Start with the line that holds "20 percentages off". Please copy it and each remaining line below exactly, leaving pictures out.

(Information provided)

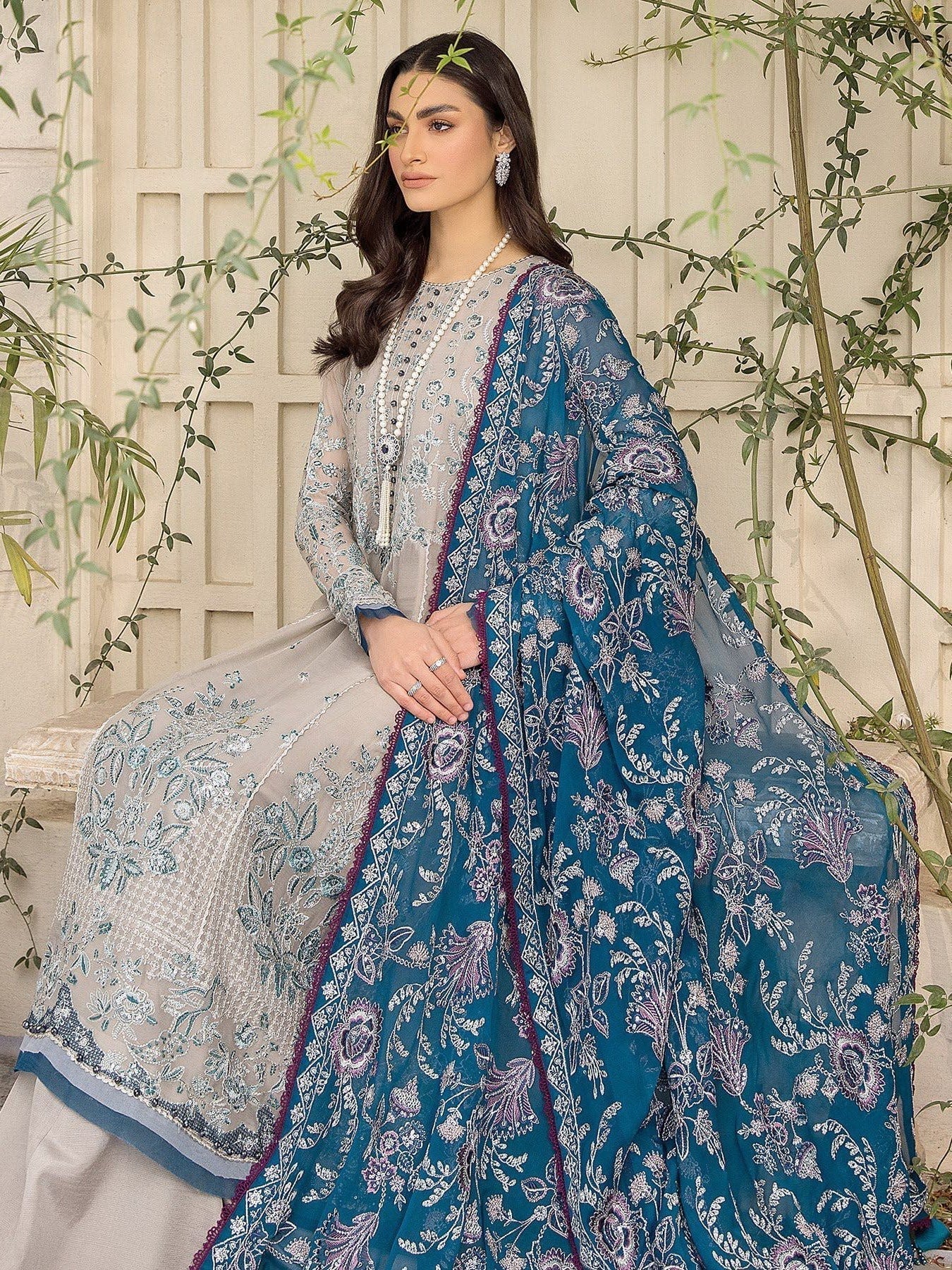 Formal Collection - Xenia - Ishya - Luxury - D#05 - Neelfiya available at Saleem Fabrics Traditions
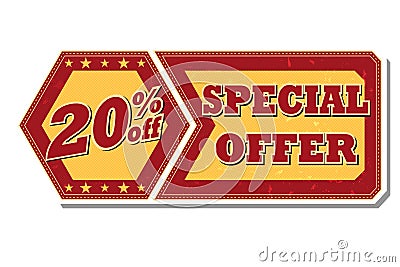 20 percentages off special offer - retro label Stock Photo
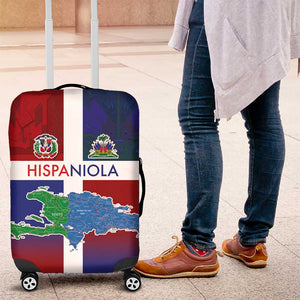 Hispaniola Luggage Cover Haiti and Dominican Republic Emblems and Flag Style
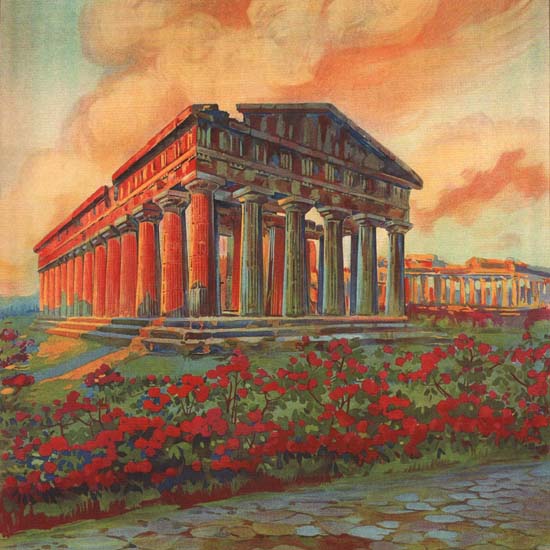 Detail Of Paestum Salerno Greek Temple Italy Italia | Best of Vintage Ad Art 1891-1970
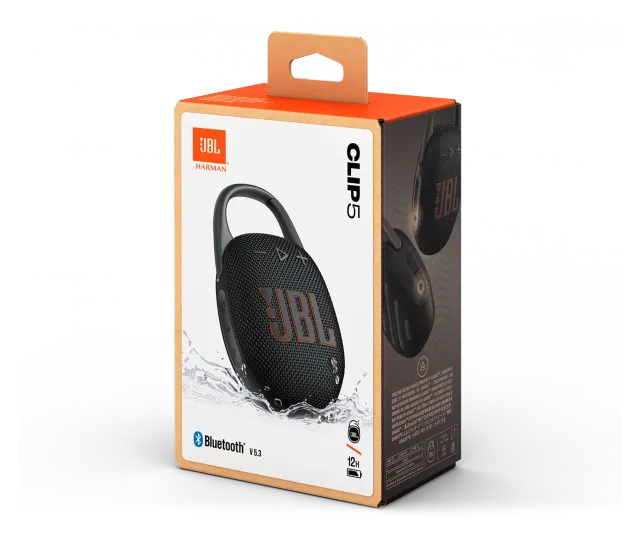 JBL Clip 5 Black, vista 5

(End Information provided)

--- Answer section ---
 20 percentages off special offer - retro label Stock Photo
 Hispaniola Luggage Cover Haiti and Dominican Republic Emblems and Flag Style
 Detail Of Paestum Salerno Greek Temple Italy Italia | Best of Vintage Ad Art 1891-1970
 JBL Clip 5 Black, vista 5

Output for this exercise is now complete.